6 March 2008

Thinking Outside the Job Description Box

Today’s assistants are computer savvy, smart and up-and-coming, and consider themselves professionals in the workplace. They are no longer stuck within the job description box, but have the freedom to break out of the mould and redefine their roles and sometimes even change their careers.

Employers have begun to recognize our changing roles in the workplace and some have reflected that by changing our title from “secretary” to titles that more accurately describe the positions we are performing in our organizations such as:
  • Legal Assistant
  • Personal Assistant or Personal Aide
  • Medical Assistant
  • Executive Assistant
  • Office Coordinator, etc.
Administrative assistants are highly skilled in many areas and sometimes we take it for granted, not recognizing where we could go with our skills. Here are some ideas to get you thinking in that direction.

Event Planning:

Event planning is a big industry that looks for people who are skilled in planning big events without a hitch. What better candidate to take on that role as a career, than the assistant who regularly plans events from small meetings to large conferences.

Marketing:

An assistant who has a marketing flare with a creative mind can branch out into editing or writing. Those who are skilled at regularly thinking on their feet as they come up with solutions and ideas both on the computer and on the job might be able to step into this role.

Some examples would be managing a company website, creating, editing and writing a company newsletter or creating promotional materials, invitations and brochures for marketing events. This can be a rewarding career change for those suited to this type of work.

Finance:

An assistant with a head for numbers may be able to move into finance in an accounting or a tax firm. Some assistants regularly manage small budgets when planning functions or have bookkeeping responsibilities and work regularly on spreadsheets. Those with experience in this area might enjoy this type of career move.

Professional Organizer:

Organization is a must if you are an assistant. One of our main duties is to keep our bosses organized. While being organized seems natural to us because of the nature of our jobs, some people are not organized and need help and are looking for skilled and organized people to do the job for them.

Working Within Your Current Job:

Someone who wants to remain in their Administrative Assistant position but spread their wings, can work with their supervisor and HR Manager to develop and change their role by specializing in certain areas and do more of the things they enjoy and are good at.

Administrative Assistants have a list of things they specialize in including business writing, proofreading, minute taking, meeting planning, travel agent, desktop publishing, editing, public relations and client liaison to name a few.

Some assistants have expanded their role to that of an executive assistant which sometimes means performing the role of an office manager.

Working our way out of a job

Kim began as an administrative assistant and has now become the HR Manager of a major law firm.

Sue is an IT specialist who started out as an administrative assistant with a knack for computers and made it work for her as a career.

Elizabeth began as an administrative assistant in an accounting firm and has become a junior chartered accountant.

What do these three women have in common?
  • They each had a desire to pursue a different area of interest and they changed their direction and worked themselves into a new career.
  • They each had forward-thinking employers who allowed them to have vision and encouraged them to work towards their goal and made room for that new role within their organization.
  • They each took the initiative to get appropriate training and education to better equip them in the areas they were interested in.
Our jobs are not limited to just being a “secretary”. We may need to look at courses that will help us reach our goals, but the possibilities can be endless when we think outside the box.

2 comments:

Jodith said...

I think you've just described my career *laughs*.

I started out in the world as an EMT, moved into dispatch, and when a job opened up in the office, began working in customer billing.

That job lead to becoming an accounting clerk with a big medical school, where I also started learning word processing.

That lead me to a job as a receptionist/admin asst for a small graphic arts firm. I was only there a year, but picked up some valuable lessons in graphic design that are still helping me today.

I eventually worked my way up to Executive Assistant at a large software company.

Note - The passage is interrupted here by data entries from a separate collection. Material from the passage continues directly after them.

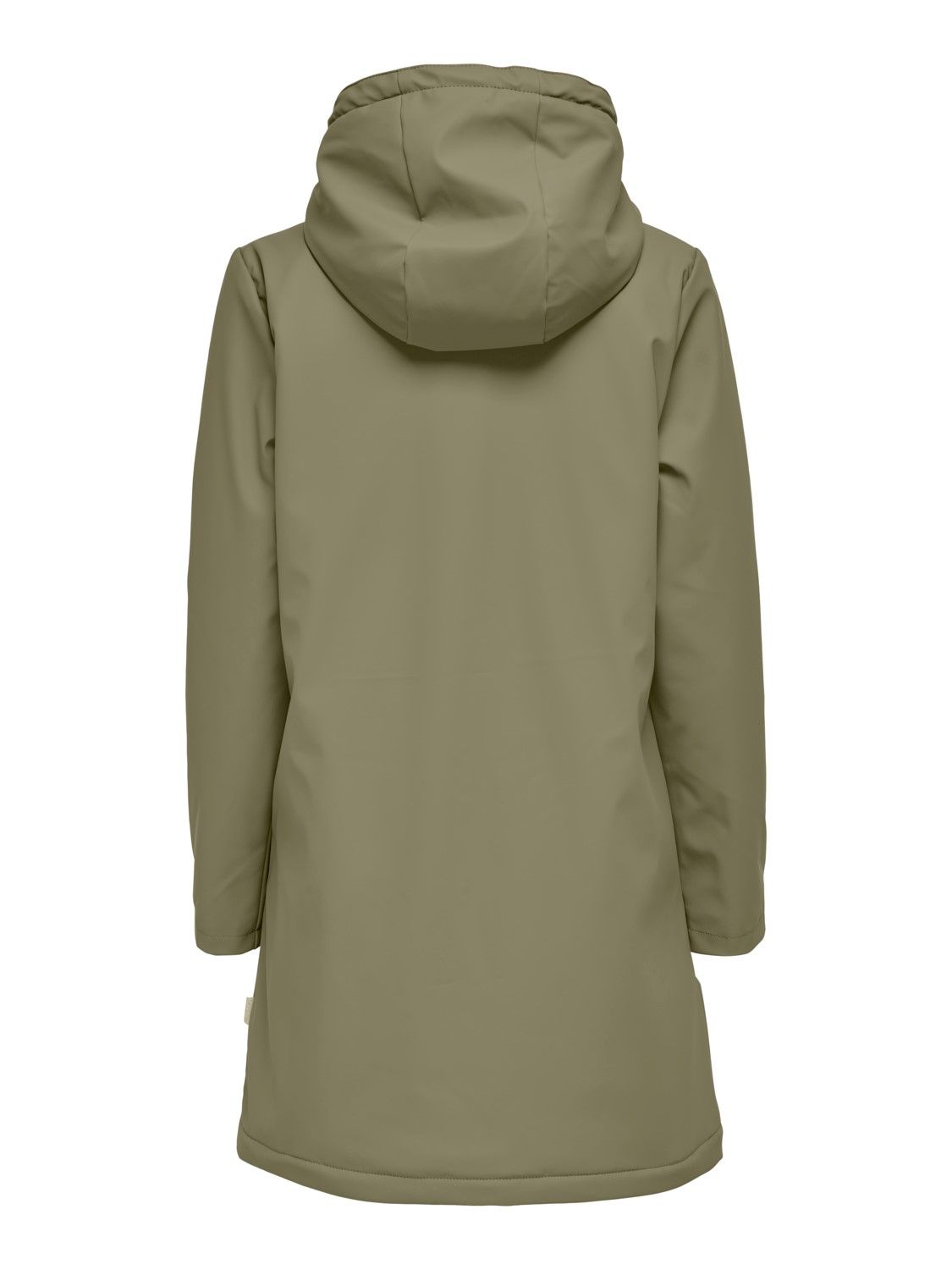 raincoat donna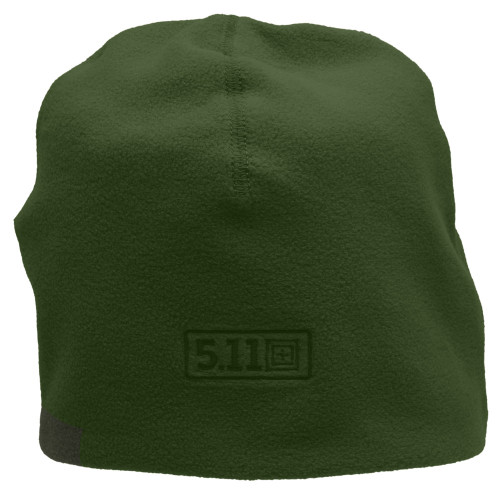 5.11 Tactical Watch Cap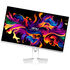 MSI MPG 321URXWDE QD-OLED, 31.5-inch Gaming Monitor, 240 Hz, QD OLED, Adaptive Sync image number null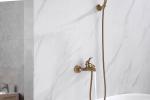 Faucet-and-shower-homelava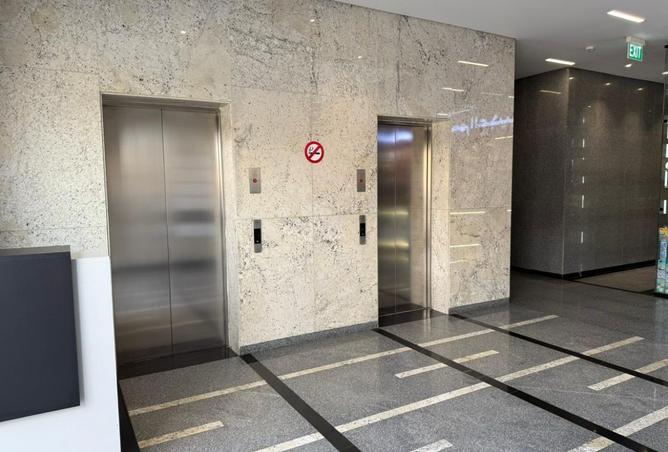 8482819 - Property Image 3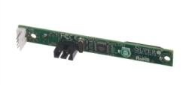 SuperMicro CDM-USATAG Adaptateur Mini-SATA vers USB pour DVD mince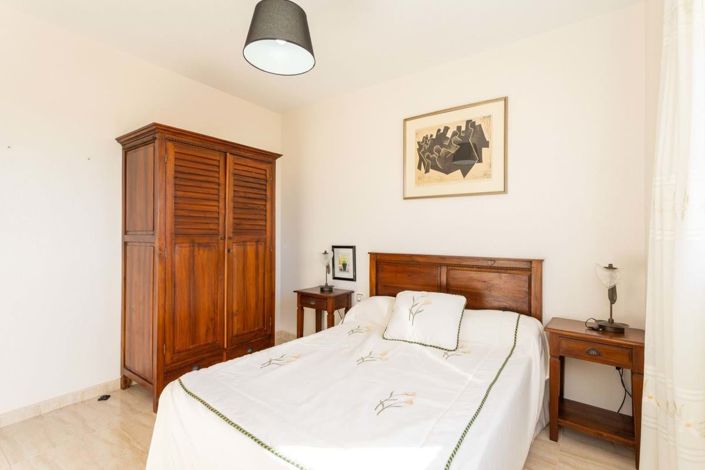 Image No.11-Maison de ville de 3 chambres à vendre à Orihuela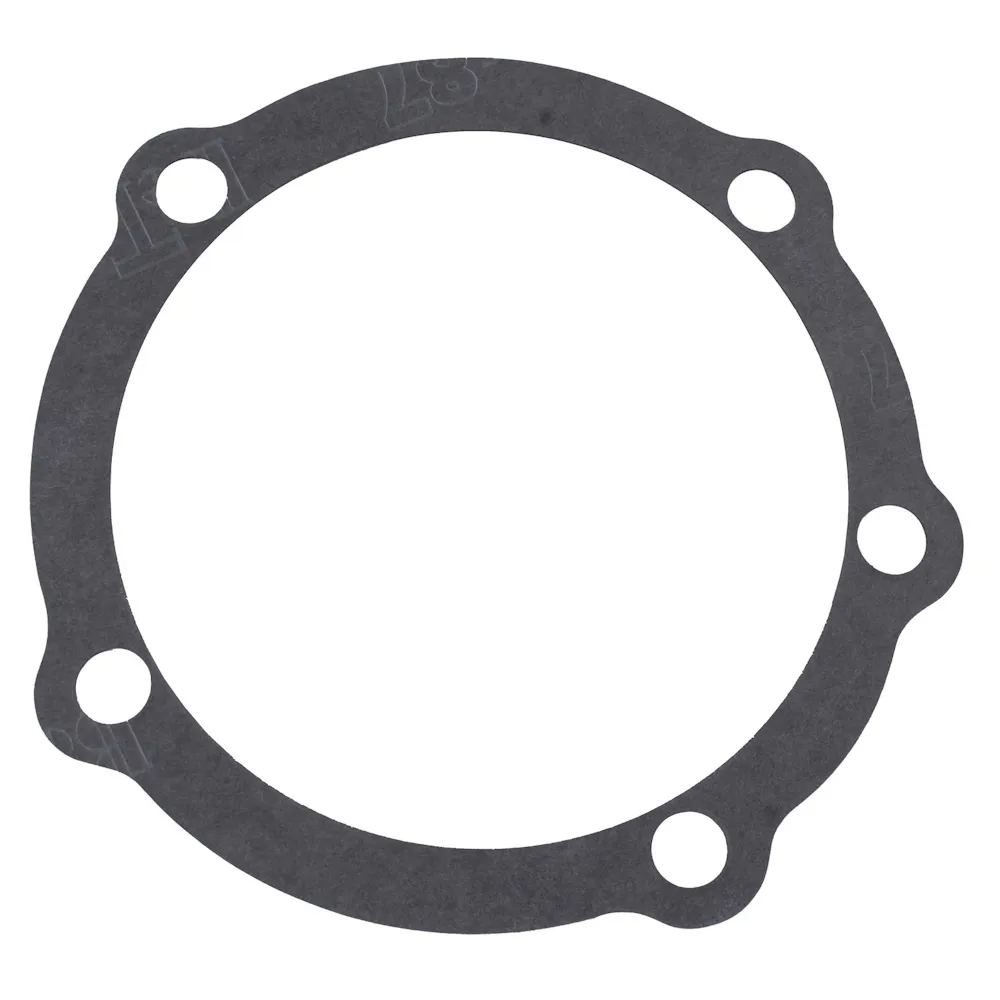 Omix-ADA 18603.52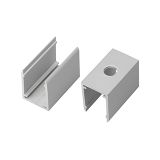 a_DL-01320-0026.jpg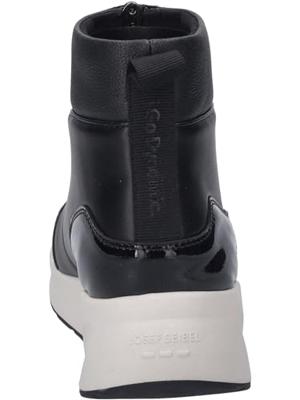 Josef Seibel LISSI 02 - alle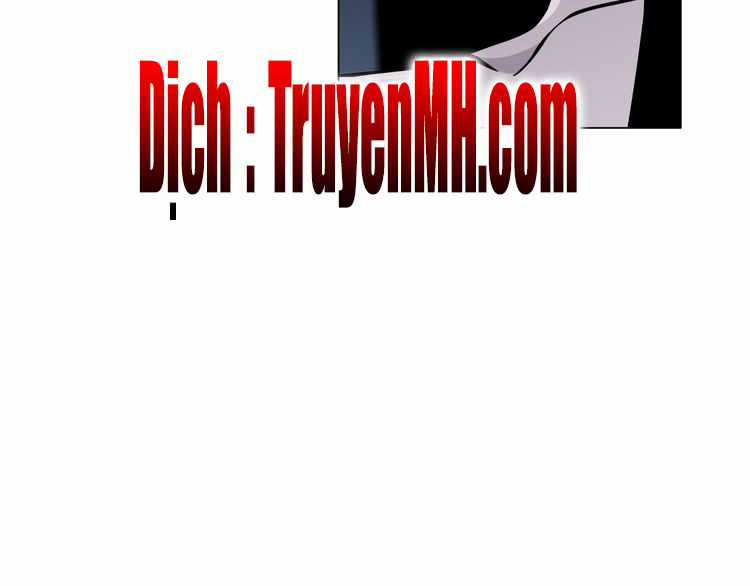 Điêu Khắc Chapter 4 trang 43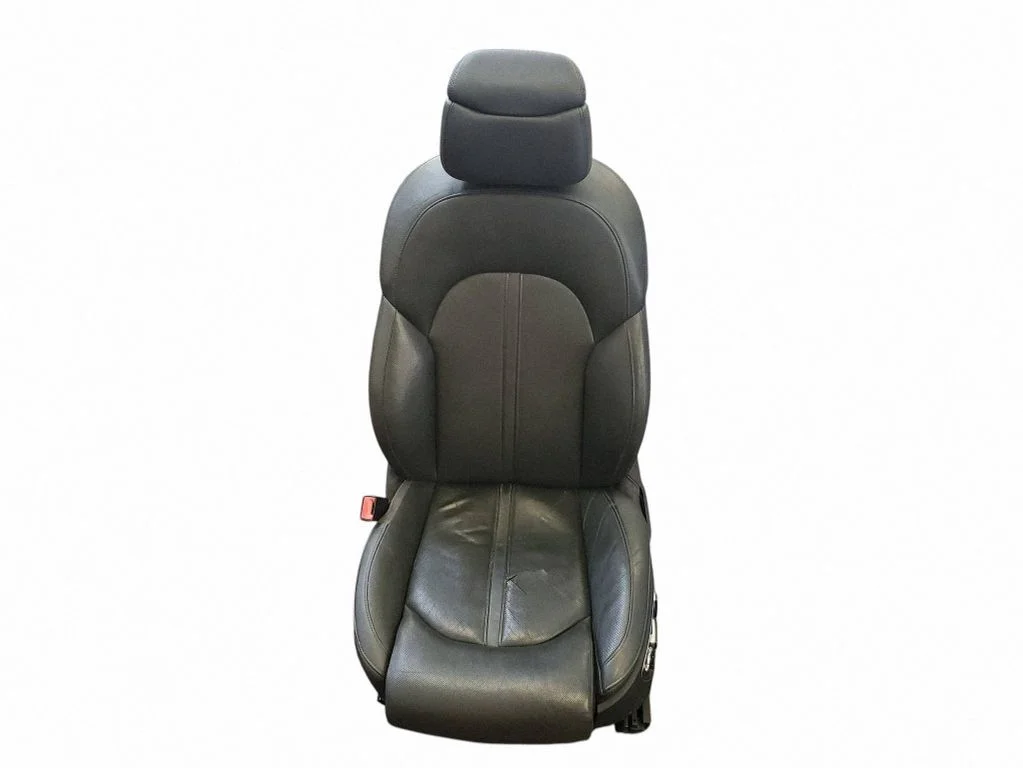 Fotel kierowcy 4H0881073AC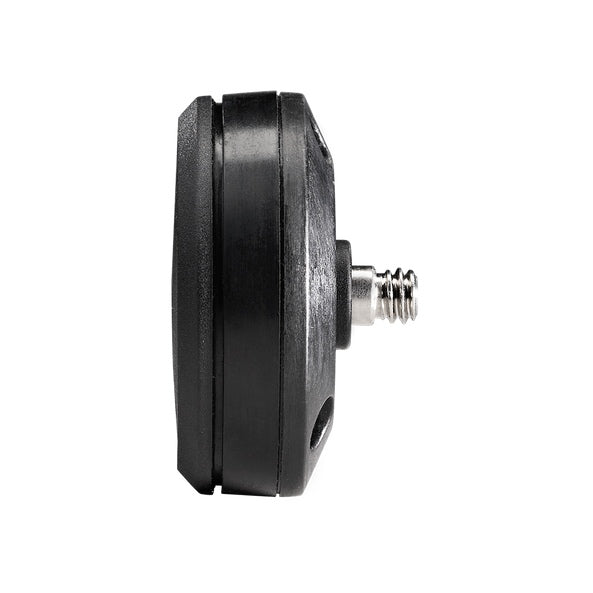 M12 Stick Light Accessory Magnet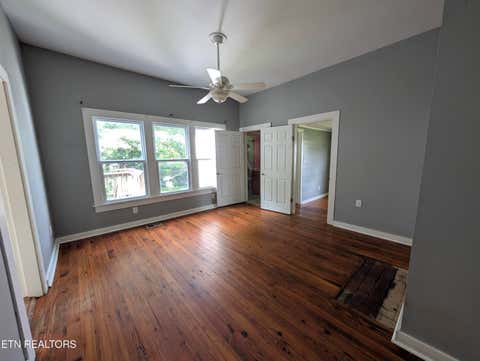 Tiny photo for 8501 Garrison Drive, Knoxville, TN 37931 (MLS # 1349827)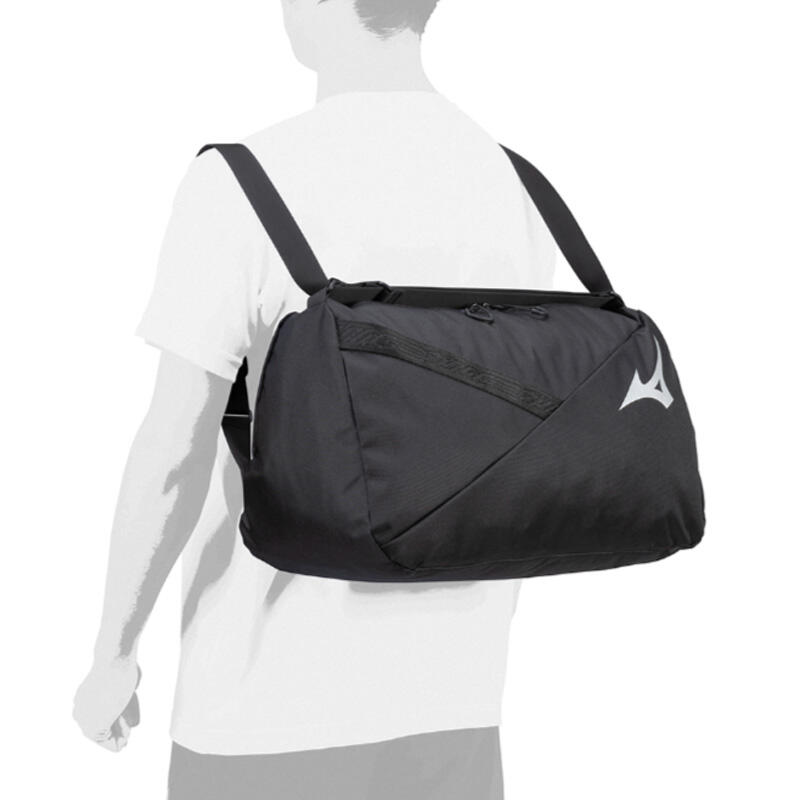 Sportovní taška Mizuno Holdall Waso 5/7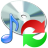 Program4Pc Audio Converter Pro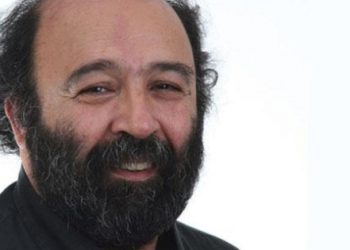 Tiyatronun acı günü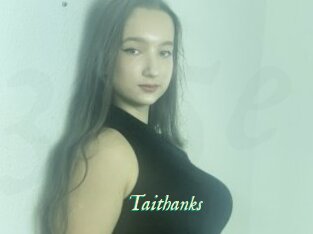 Taithanks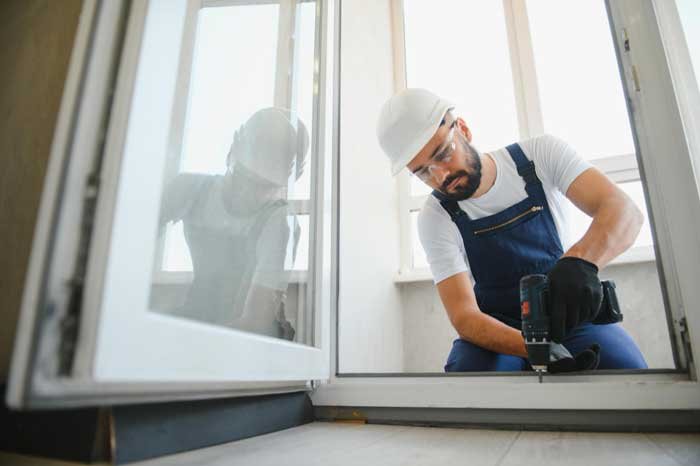 Brookhaven-Replacement-Windows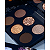 Paleta de Sombras BT Bridgerton - Bruna Tavares - Imagem 3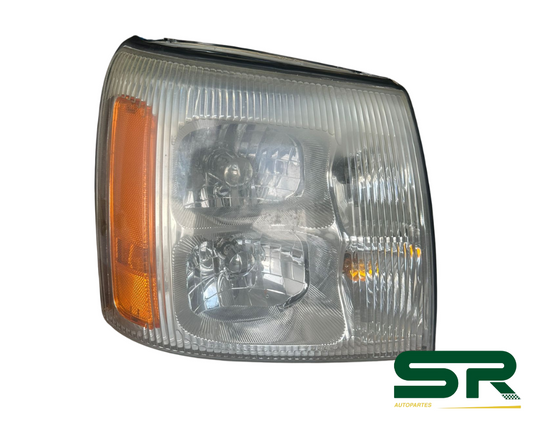 FARO DER CADILLAC ESCALADE 03-06 USADO
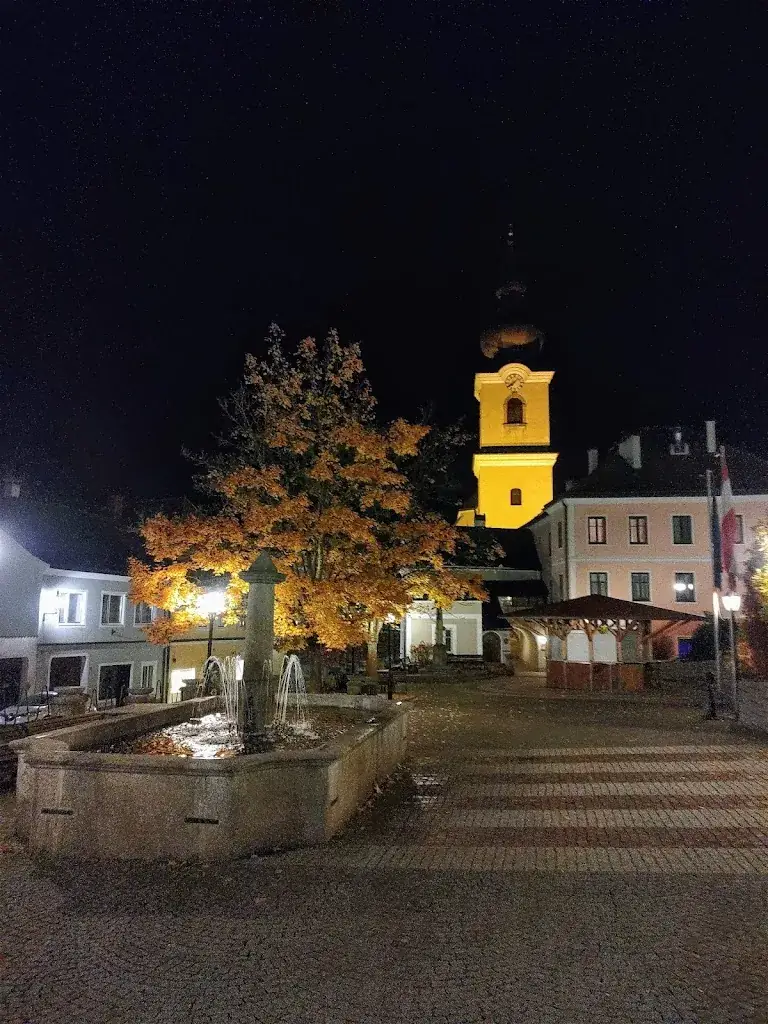 Rabachtl_Heidenreichstein_slider_image_3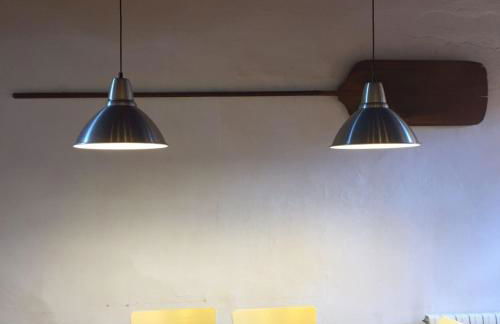 El Terral - Photo 22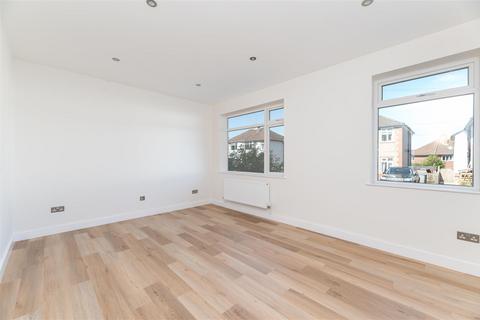 48 Maylea Drive, Otley, LS21 3ND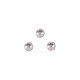 RobyNails Swarovsky M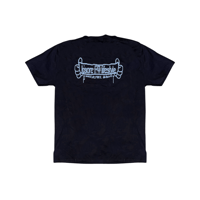 Image 3 of PAINFUL V.2 TEE 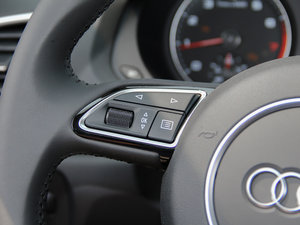 201535 TFSI quattro 300f(wn)o(j) п؅^(q)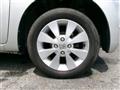 2015 Suzuki Wagon R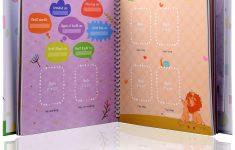 What Makes the Baby Scrapbook Pages Important and Precious Cheap Scrapbook Album Ba Boy Find Scrapbook Album Ba Boy Deals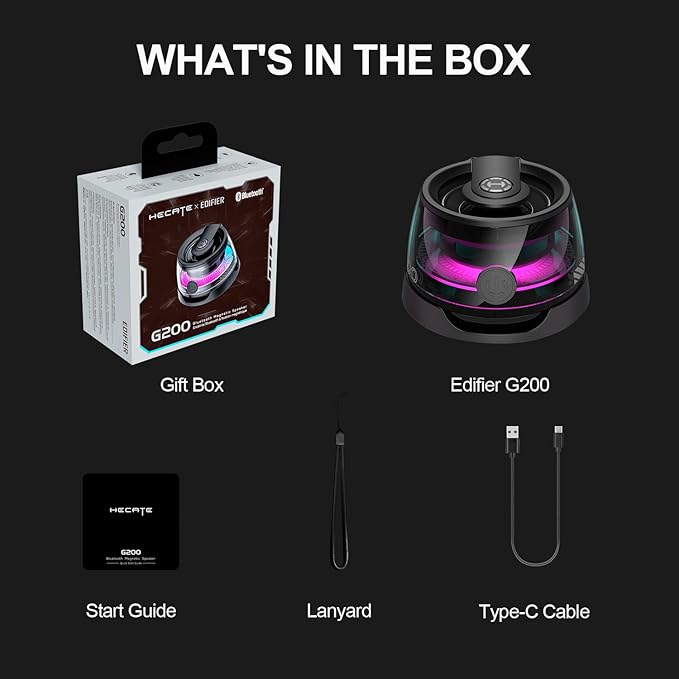 Bluetooth magnetic 5W speaker home wireless small speaker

When my boss moved to a new job across the country, and I didn't like the new boss, I took the tech support knowledge I'd learned as the assistant in the department and deployed it into a job in tech support.

When a later job as admin asst to the head of HR at a university lead to a layoff when that boss left me, the combination of the HR knowledge I'd gleaned there and the tech knowledge I'd gained at the software company led me to my current position at a small non-profit, where I wear the hat of Executive Assistant, but also do benefits administration, manage the hiring process, and handle the tech support for two office, as well as producing newsletters and mailers for our development committee.

And the moral of this long drawn out story is, wherever you find yourself, learn as much as you can from those around you. Don't be afraid to ask questions and seek to take classes to learn more. You never know where those skills might take you in the future.

Patricia Robb said...

Yes, it does sound like I wrote that article just for you...
We wear so many hats as an admin asst. and I think sometimes we underestimate what we do and how valuable we are to our companies.
I was at an IAAP meeting and we had some people speaking on event planning and all I could think when I was listening to him was that I do that all the time, from making travel arrangements to arranging big conferences. Just all a part of the job for an admin assistant. That's what made me want to write this article.
Thanks for your comments. Very appropriate for this post.